The Office for Fair Access (Offa), the Government agency responsible for increasing opportunity for disadvantaged students, believes students were simply not aware of what was available. Critics say that the complexity of the schemes is the root cause, and blame universities for using the cash to attract the students they want rather than providing for financial hardship.

Funding up for grabs

Universities are offering generous funds for students. For the academic year 2008-9, university expenditure on financial support for students is expected to be around £300m – £100m up on last year. The wealthier universities –Oxford and Cambridge – top the table for generosity.

Students from families on low incomes are eligible for means-tested bursaries of £3,000 a year. (Oxford pays £4,000 in the first year.) Cambridge has no fixed limit on its funds and expects that this year up to a third of the new intake – 2,000 students – will get some bursary money, at a cost to the university of an estimated £2m.

A more typical bursary is £1,000 a year, though some of the newer universities are limited to the minimum £300 a year for students from low income families. There are exceptions. The University of the West of England supports around half its students with bursaries worth up to £1,250 a year. Universities are also giving generous scholarships.

They are not means-tested and universities apply a wide range of criteria to their award. Research commissioned by the Sutton Trust suggests university applicants from disadvantaged backgrounds are less likely to know about bursaries and scholarships – the exception being students with high GCSE results, who do tend to be aware of the schemes.

Ministers are hoping the changes being put in place for this year’s applicants will improve the take-up. The forms that students are required to fill out have been changed. Applicants will have to opt out of giving their financial information to universities rather than, as previously, consenting to give the information.

More students will become eligible for bursaries because the Government has moved the threshold – it will now be possible for students from families whose income is £25,000 or less to get a full bursary. (The threshold was previously £18,000). In addition, more universities are using the Higher Education Bursary and Scholarship Scheme (HEBBS). It is run by the Student Loans Company (SLC), who allow funds to be channelled through them to students automatically, provided they have consented to give their financial information to the university.
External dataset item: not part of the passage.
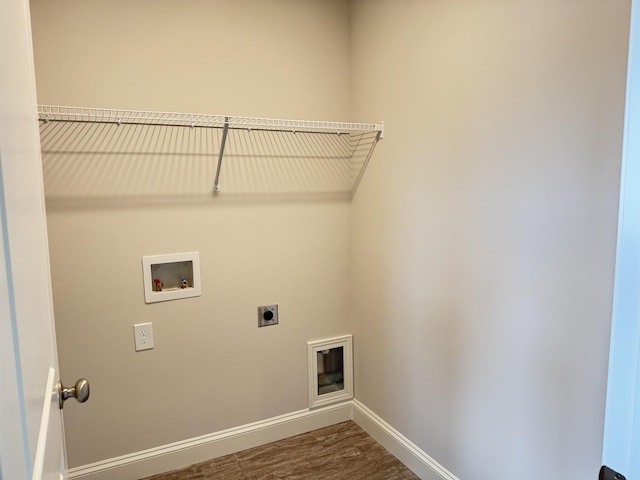 2601 Karkinnen, Moore, SC 29369 - laundry room featuring hookup for an electric dryer, hookup for a washing machine, and wood finished floors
“Institutions are keen to learn from experience,” says Professor Rick Trainor, president of UniversitiesUK. ”Those universities that spent less than they estimated have reviewed their access agreements and expect there to be greater take-up in future years.”

Problems with the current system

But the problem remains that schemes are complicated and vary from university to university. The National Union of Students wants the Government to impose a national bursary scheme. Next year’s Government review of university top-up fees will also examine the operation of bursary and scholarship schemes. Within Offa, there is opposition to a national bursary scheme because officials fear it would lead to a levelling down of what is available.

“We think take-up is an awareness problem, and we are still in the early stages of a new system. A national system would have few benefits,” says David Barrett, Offa’s assistant director.

The take-up varies between universities. At Gloucester, students claimed £835,000 of the £1.2m that had been allocated. At City University in London, all of the allocated £900,000 was taken up. Most of the funds paid out by universities goes on means tested bursaries, but large sums are being given by some universities to attract students to courses that are hard to fill or to attract better qualified students than would normally apply to them.

Manchester University will cover the course tuition fees for any chemistry student, regardless of income, who has achieved three As at A-level. Scholarships worth £1,000 a year are given to the most “promising” students that apply for the earth, atmospheric and environmental science courses.

Sheffield University has a list of priority subjects – mainly science and engineering – where it pays bursaries of £260 for each A grade at A-level achieved by applicants.

Hull will pay £1,500 to engineering and technology students who get three Bs or better. Middlesex University has a chancellor’s scholarship that pays £2,000 a year to the student who is considered to have made a significant achievement in sport, community involvement or exam success.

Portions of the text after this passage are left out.